BARBARA BOLLWAHN über ROTKÄPPCHEN
: Die Warenwelt und die wahre Welt

Im Osten wurde mir das Blaue vom Himmel versprochen. Im Westen ist es noch schlimmer

Was wurde uns nicht alles versprochen im Osten. Gleiche Rechte für alle, Gewissens- und Glaubensfreiheit, Mitbestimmung, Macht, die von den Werktätigen in Stadt und Land ausgeübt wird und so weiter und so fort. Nach dem Blauen vom sozialistischen Himmel und den blühenden Landschaften dachte ich, dass erst einmal Ruhe im Karton sei. Weit gefehlt.

Seit 17 Jahren vergeht kein Tag, an dem mir nicht irgendetwas versprochen und angepriesen wird. Rund um die Uhr werden sie mir aus Regalen, Kaufhauslautsprechern, Radioapparaten und Fernsehgeräten entgegengeschleudert, die vollmundigen Verheißungen der Warenwelt.

Es fängt schon morgens an, bevor ich aus dem Haus gehe.
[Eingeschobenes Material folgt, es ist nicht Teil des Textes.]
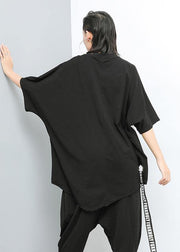 Loose cotton Print Women clothes black stylish Pullover Closure Blouse - SooLinen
Entweder mit Slipeinlagen, die mir „mehr Selbstsicherheit“ geben, oder mit Tampons, die „ein kleines Stück Freiheit mehr“ in Aussicht stellen. Die Papiertaschentücher, mit denen ich mein Näschen putze, sagen „Mit dir fühl ich mich stark“. Die Schuhcreme, die ich auftrage, ist ein Lederpflegemittel, das „hochwertige Schuhpflege mit höchster Convenience verbindet“. Die Berliner Verkehrsbetriebe locken mit „Täglich 18 Mal um die Erde. Und manchmal bis in den 7. Himmel.“ Quatsch mit Sauce wie die Sparkasse und ihr „grenzenloser Zahlungskomfort“.

Es ist wirklich zum Piepen. Eis ist nicht einfach eine Süßspeise, sondern nennt sich „Erste Liebe“ und verspricht einen „Genuss so süß wie ein Kuss“. Mit Rumschokolade kann ich angeblich sogar „einen Kurztrip in die Karibik“ machen. Bier ist nicht einfach ein Getränk aus Wasser, Malz und Hopfen, sondern „souverän, selbstbewusst und weltoffen“ und überall dort zu finden, „wo es spannend wird“. Mit Buttermilch, so heißt es, kann ich mich „schön trinken“. Sollte das nicht klappen, bleibt der Trinkjoghurt, ein „Gipfel köstlicher Genüsse“, der mir einen „Erfrischungskick“ verpasst.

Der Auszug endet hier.